The home office of lawyer, former Union minister and Bharatiya Janata Party (BJP) leader Arun Jaitley — who died on Saturday, August 24 — was the true testament to his personality.
Floor-to-ceiling bookshelves crammed with leather-bound compilations of court cases. In the midst of this intellectual splendour, two framed black and white pictures — of a young, intense-looking Jaitley, wearing thick glasses, standing beside former prime minister Morarji Desai, along with several other young men. These are from his days as a student leader.
There were no pictures of gods and goddesses in this office. Instead, there were framed replicas of legal certificates and mementos from various cricket associations, testifying to the other love of his life.
How did a man who clearly admired a political leader like Desai and was so fond of cricket that he named his son Rohan (like Sunil Gavaskar’s son) reconcile himself to the company of the rabble-rousing mob that brought down the Babri Masjid in 1992?
Others, too, were confused.
Arun Jaitley with former prime minister Atal Bihari Vajpayee in whose Cabinet he served. Photo: PTI
In a rediff.com chat session in the early 1990s, someone asked him: “Mr Jaitley, how can a so-called educated man like you be a member of an obscurantist, fascist organisation like the Bharatiya Janata Party (BJP)?”
He replied: “I reject your understanding of the BJP. Nehruvian thought, which regarded everything that was Indian, ethnic, traditional and cultural, as obscurantist and fundamentalist damaged the Indian ethos. We are criticised because it is said we are pro-Hindu. The threat to global secularism doesn’t come from either Indian nationalism or Hinduism, it comes from elsewhere — you know where. I think you and I need to re-discuss political definitions.”
With his death, Jaitley has taken with him a slice of the hearts of everyone who knew him; especially, his personal staff.
One of the highest tax payers in Delhi, Jaitley also got a block of flats built for the secretarial staff of his legal practice. The daughter of one of them is now a dentist, practicing in England; her education was funded by Jaitley.
Bureaucrats also found in him a reasonable boss, whose knowledge of business and law was astounding.
Jaitley enjoyed two things above all — a good meal and a good session of gossip.
Dal from Minar Restaurant at Connaught Place was among his favourite dishes. Jaitley once told this reporter how when he travelled to New York, he would have Indian dishes from a specific restaurant in Manhattan delivered to his hotel.
Bowling for the Supreme Court Bar Association team in 2005
His love for good gossip earned him many friends among journalists. But, as scribes are themselves notoriously gossipy, this trait also earned him enemies.

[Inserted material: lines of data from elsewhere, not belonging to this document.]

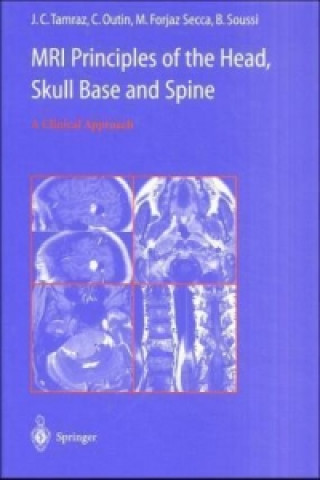 Kniha MRI Principles of the Head, Skull Base and Spine Jean C. Tamraz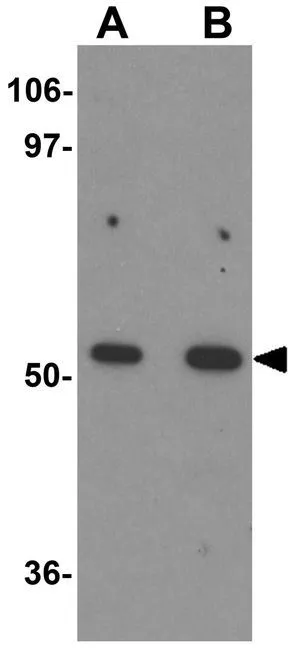 WB analysis of mouse kidney tissue lysate using GTX17092 BANP antibody. Working concentration : (A) 1 and (B) 2 microg/ml WB analysis of mouse kidney tissue lysate using GTX17092 BANP antibody. Working concentration : (A) 1 and (B) 2 microg/ml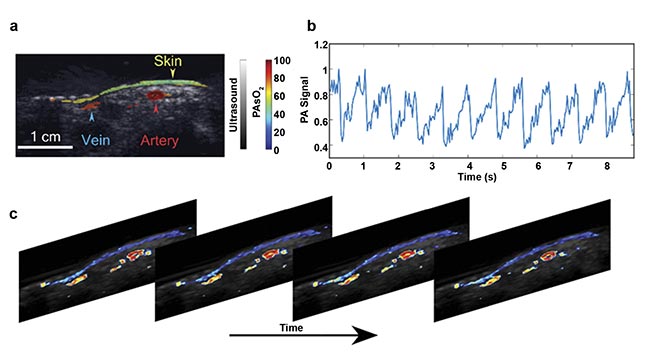 Figure 4. In vivo imaging of the oxygen saturation of blood vessels in a human wrist, acquired using dual-wavelength (750 and 850 nm) LED-based photoacoustic imaging. An image of fluence-compensated photoacoustic (PA)-based oxygen saturation (sO2) of a human wrist overlaid on an ultrasound image (a). The normalized photoacoustic signal from an artery showing pulsation (b). PA sO2 frames showing the pulsating artery (c). Adapted with permission from Reference 7.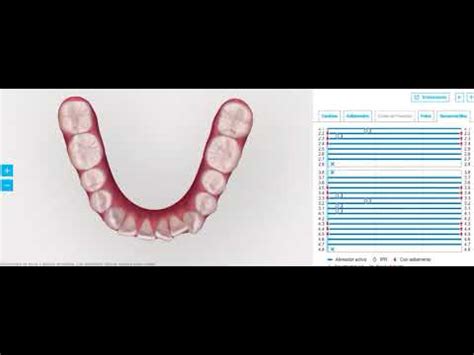 Planificación digital Invisalign YouTube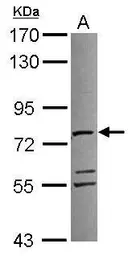Anti-ATAD3A antibody used in Western Blot (WB). GTX116301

From Emergency to Parliament
Jaitley went to St Xavier’s, and chose science in school, believing he wanted to be an engineer. Later, he joined the bachelor of commerce course at Shri Ram College of Commerce of Delhi University.
It was during his college days that he learned to read a balance sheet — and plunged into politics. He had already become an activist of the Akhil Bharatiya Vidyarthi Parishad (ABVP), the youth wing of the Bharatiya Jana Sangh.
He had already contested the college union elections and the ABVP wanted him to stand for the Delhi University Students’ Union polls. But then, the Emergency happened.
“You are required to give legal opinion on a couple of cases,” he once said. “But 90 per cent of your time is spent meeting brief-less lawyers who want to be appointed state counsel.”
He was also the information and broadcasting minister briefly; he described the experience in a sentence: “It’s a ministry for Doordarshan that nobody watches anyway.” As commerce minister he did not have enough time to remove the Congress stamp.
Celebrating India’s victory over Pakistan in Karachi, in 2004, with Congress leader Priyanka Gandhi
It was the Ministry of Disinvestment that had really occupied him. He vowed to make a real change if the National Democratic Alliance ever came to power again, he said in 2004.
Jaitley was also a rock for Narendra Modi when the future PM decided to nudge BJP patriarch L K Advani out of the way and make a bid for the top job. He also drew up the blueprint to protect Modi from Delhi’s chattering classes. Modi also sought his advice on various matters — though not in all, such as the first Budget of his government presented.
In the electoral battle, Jaitley had missed success. But, in the Modi government, he was the mentor — he groomed half a dozen of those who became ministers. Some remembered, others did not — Jaitley seemed to care little. He concentrated on getting BJP re-elected, a target he achieved in his lifetime.